Volunteer Creek Monitoring Program

The Forum’s Volunteer Creek Monitoring Program is no longer active. If you are looking to get involved in water quality monitoring in Contra Costa County, please reach out to The Watershed Project. The Watershed Project runs an excellent monitoring program that you can read about here.

For information on the Forum’s old creek monitoring programs and to see some of the data that was gathered, please continue reading.

In the early 2000s, the Forum joined forces with the Contra Costa Clean Water Program to monitor and assess creek conditions in Contra Costa County. The Volunteer Creek Monitoring Program assisted community members and local organizations in collecting data on local creeks and watersheds.

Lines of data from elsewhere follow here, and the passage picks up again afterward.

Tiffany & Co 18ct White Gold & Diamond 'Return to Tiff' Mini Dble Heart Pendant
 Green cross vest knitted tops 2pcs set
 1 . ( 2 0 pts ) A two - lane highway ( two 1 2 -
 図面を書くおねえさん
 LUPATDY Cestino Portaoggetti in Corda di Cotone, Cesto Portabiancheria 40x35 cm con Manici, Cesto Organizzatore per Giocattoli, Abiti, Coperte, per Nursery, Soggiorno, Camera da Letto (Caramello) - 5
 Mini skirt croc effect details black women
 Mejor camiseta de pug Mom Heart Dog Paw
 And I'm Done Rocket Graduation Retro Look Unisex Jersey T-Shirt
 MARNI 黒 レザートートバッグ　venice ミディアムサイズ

The information gathered by volunteers was used for a variety of purposes:

  • to assess the conditions of Contra Costa County streams

  • to compare stream health to state water quality standards

  • to calculate water quality and biological integrity indices

  • to serve as a baseline for comparison in future studies

An important aspect of the program was performing bioassessments. Creeks are complex ecosystems that are home to many varieties of aquatic life, including fishes, invertebrates, and plants. In order to assess the impacts of our everyday actions on local creeks and watersheds, we used aquatic insects as indicators, a practice known as bioassessment. While water samples alone can yield detailed information about the water at the time of sampling, assessing the abundance and diversity of bugs in our creeks yields a watershed-level perspective of water quality and habitat viability over time. Some organisms are very pollution tolerant, while others are very intolerant. By looking at the populations and diversity of organisms, scientists can learn a lot about the quality of the creek. Unlike chemical water testing, which may be expensive and gives detailed information about the conditions only at the time of sampling, bioassessment integrates overall conditions of a creek over time.

Historic Bioassessment Data

Alhambra Creek Data

Antioch-East Creek Data

Antioch-West Creek Data

Baxter Creek Data

Grayson Creek Data

Kellogg Creek Data

Kirker Creek Data

Las Trampas Creek Data

Marsh Creek Data

Moraga Creek Data

Mt. Diablo Creek Data

Pine Creek Data

Pinole Creek Data

Refugio Creek Data

Rheem Creek Data

Rodeo Creek Data

San Pablo Creek Data

San Ramon Creek Data

Wildcat Creek Data

Contra Costa Monitoring and Assessment Program

Preliminary Assessment of Aquatic Life Use Condition in Contra Costa Creeks

Summary of Benthic Macroinvertebrate Bioassessment Results (2007)

Summary of Benthic Macroinvertebrate Bioassessment Results (2008)

GPS Creek Survey Program

While no longer active, the Global Positioning System (GPS) Creek Survey Program established protocols that combined the precision of GPS technology with the detail of traditional creek surveys. Unlike GPS car navigational systems that identify locations on a map, the GPS Creek Survey Program surveys helped to improve existing and new maps.

Using GPS technology, volunteers monitored the conditions of their neighborhood creeks. In the summer and fall, adventurous volunteers waded into local creeks, mapping the physical attributes of the stream channel (substrate, canopy cover, bank characteristics, etc.), extent and type of native and invasive vegetation, and human influences (outfalls, dams, etc.). By walking the creek channels in the County, volunteers documented many different aspects of the channels that were too fine to detect on aerial photographs. As volunteers walked through the creeks, observing the habitat and man-made structures, they entered information into GPS units. These creek surveys provided information on the state of the creeks, helping to identify sources of pollution and areas for habitat restoration. The scientific data that was collected was used by a number of organizations working to protect and restore our aquatic resources in the Bay Area.